_Task goal:_
None of the images should appear in your copy. Transcribe the data in full.

(Data excerpts)
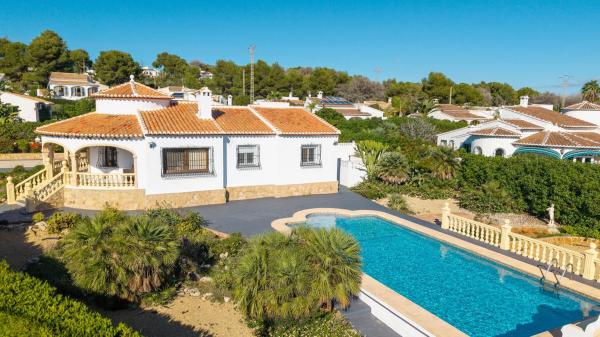 Casa independiente en calle de Roncadell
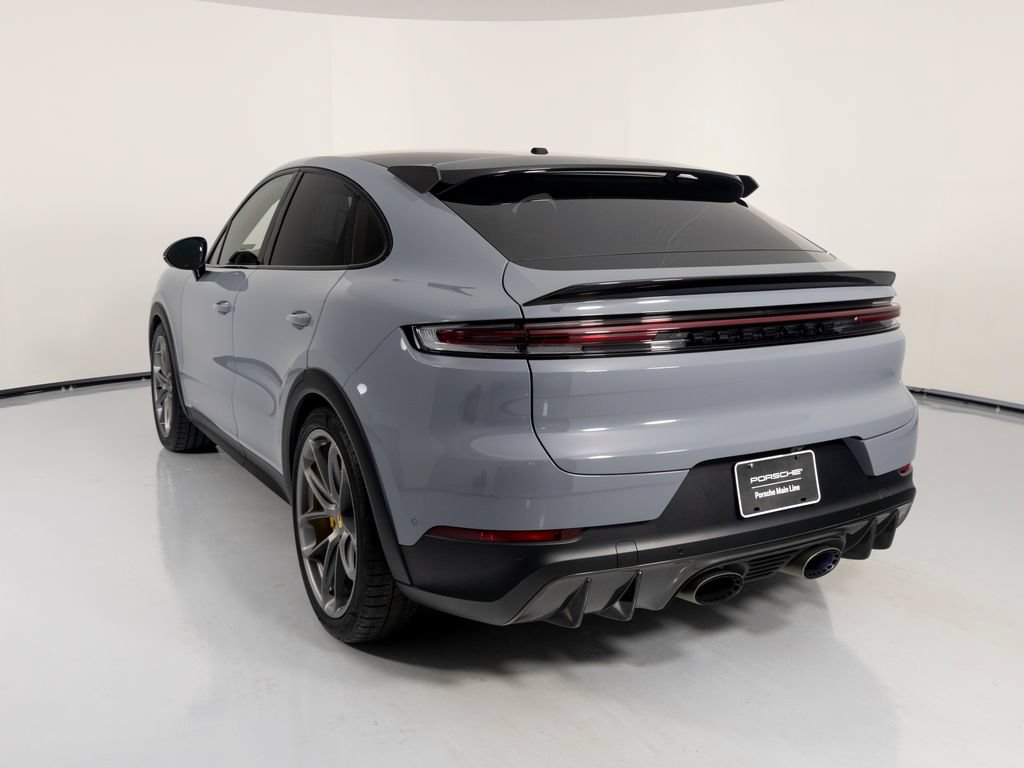 Certified 2024 Porsche Cayenne Turbo GT AWD/4WD image 9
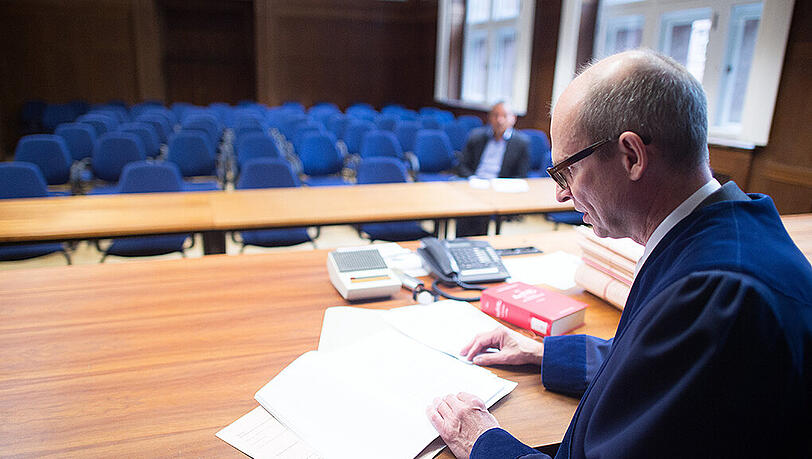 Wegen der hohen Belastung durch die steigende Zahl von Asylverfahren sollen neue Stellen in den Verwaltungsgerichten geschaffen werden. Wegen der hohen Belastung durch die steigende Zahl von Asylverfahren sollen neue Stellen in den Verwaltungsgerichten geschaffen werden.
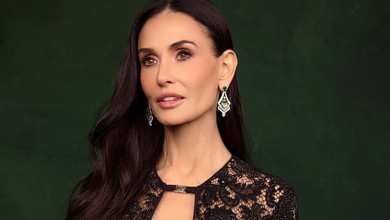 Демі Мур у напівпрозорому мереживі посвітила зухвалим декольте на хіднику у Нью-Йорку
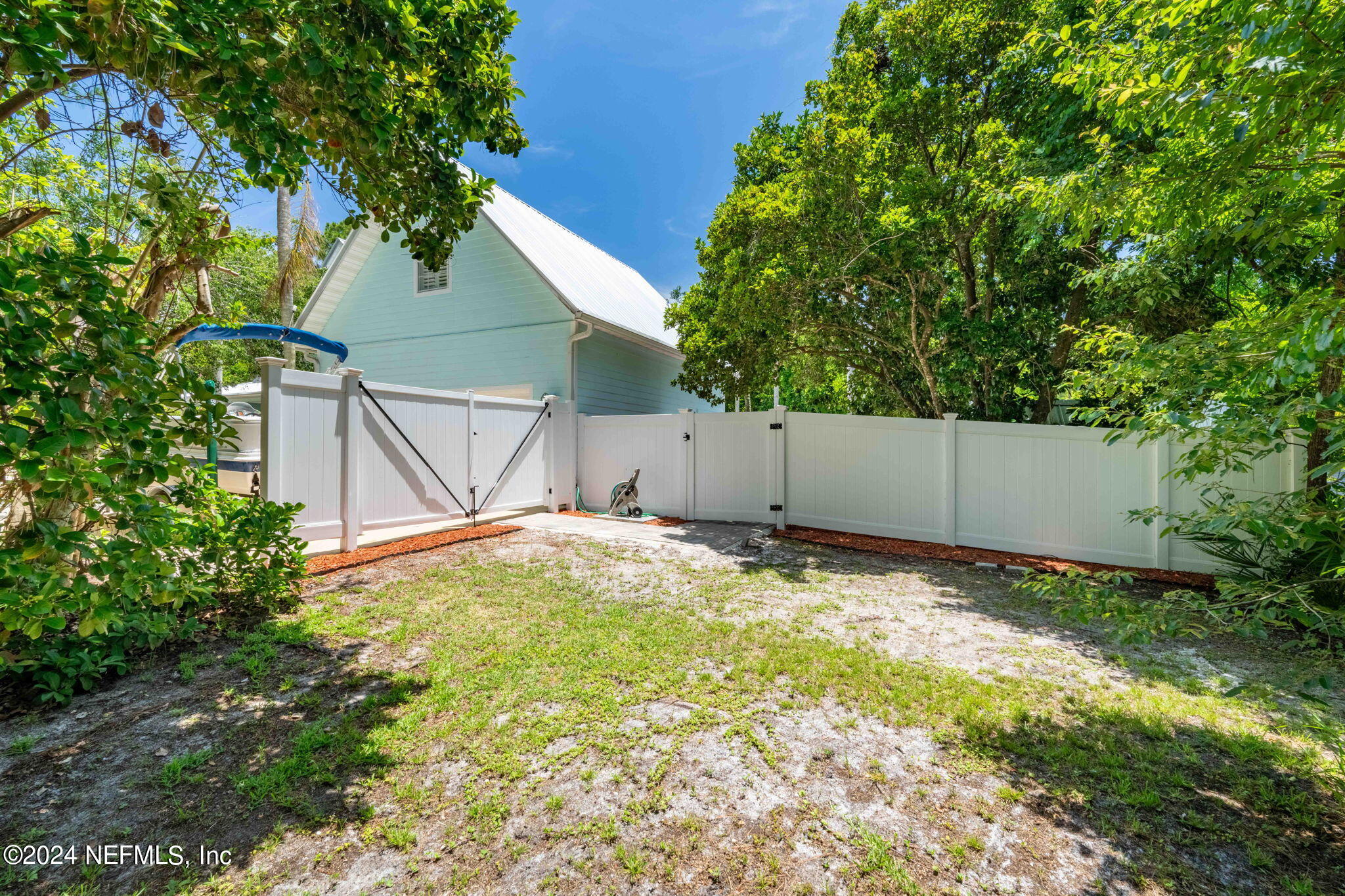 6737 HIDDEN CREEK Boulevard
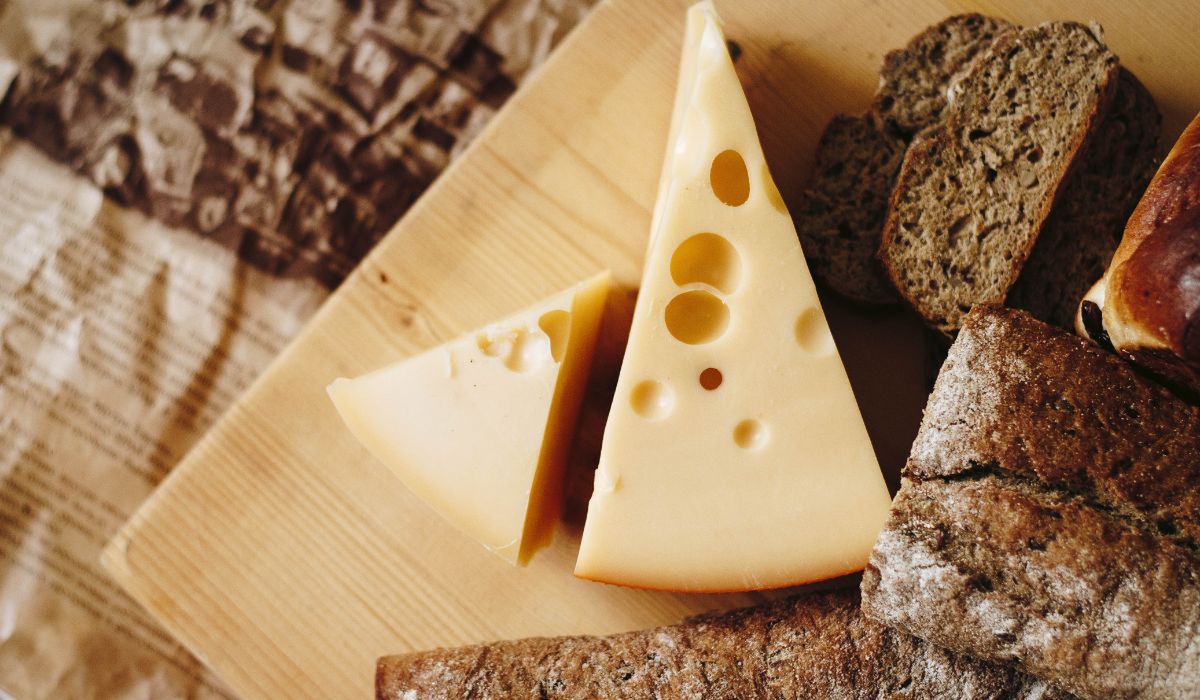 Dietetyk uważa, że ser żółty nie zasłużył na miano niezdrowego - Pyszności; foto: Canva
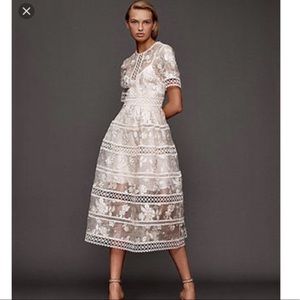 Zimmerman stunning dress does not fail!  NWOT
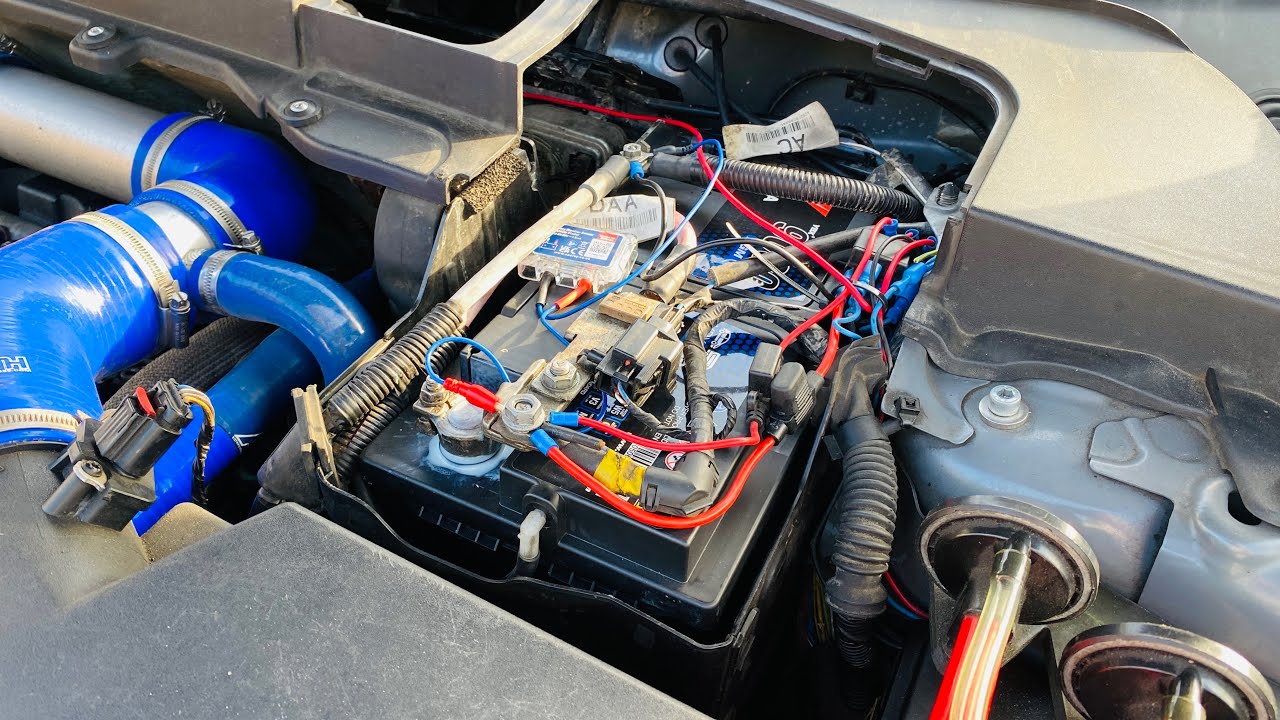 Fitting a new battery - Land Rover Freelander 2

_Written reply:_
 Casa independiente en calle de Roncadell
 Certified 2024 Porsche Cayenne Turbo GT AWD/4WD image 9
 Wegen der hohen Belastung durch die steigende Zahl von Asylverfahren sollen neue Stellen in den Verwaltungsgerichten geschaffen werden. Wegen der hohen Belastung durch die steigende Zahl von Asylverfahren sollen neue Stellen in den Verwaltungsgerichten geschaffen werden.
 Демі Мур у напівпрозорому мереживі посвітила зухвалим декольте на хіднику у Нью-Йорку
 6737 HIDDEN CREEK Boulevard
 Dietetyk uważa, że ser żółty nie zasłużył na miano niezdrowego - Pyszności; foto: Canva
 Zimmerman stunning dress does not fail!  NWOT
 Fitting a new battery - Land Rover Freelander 2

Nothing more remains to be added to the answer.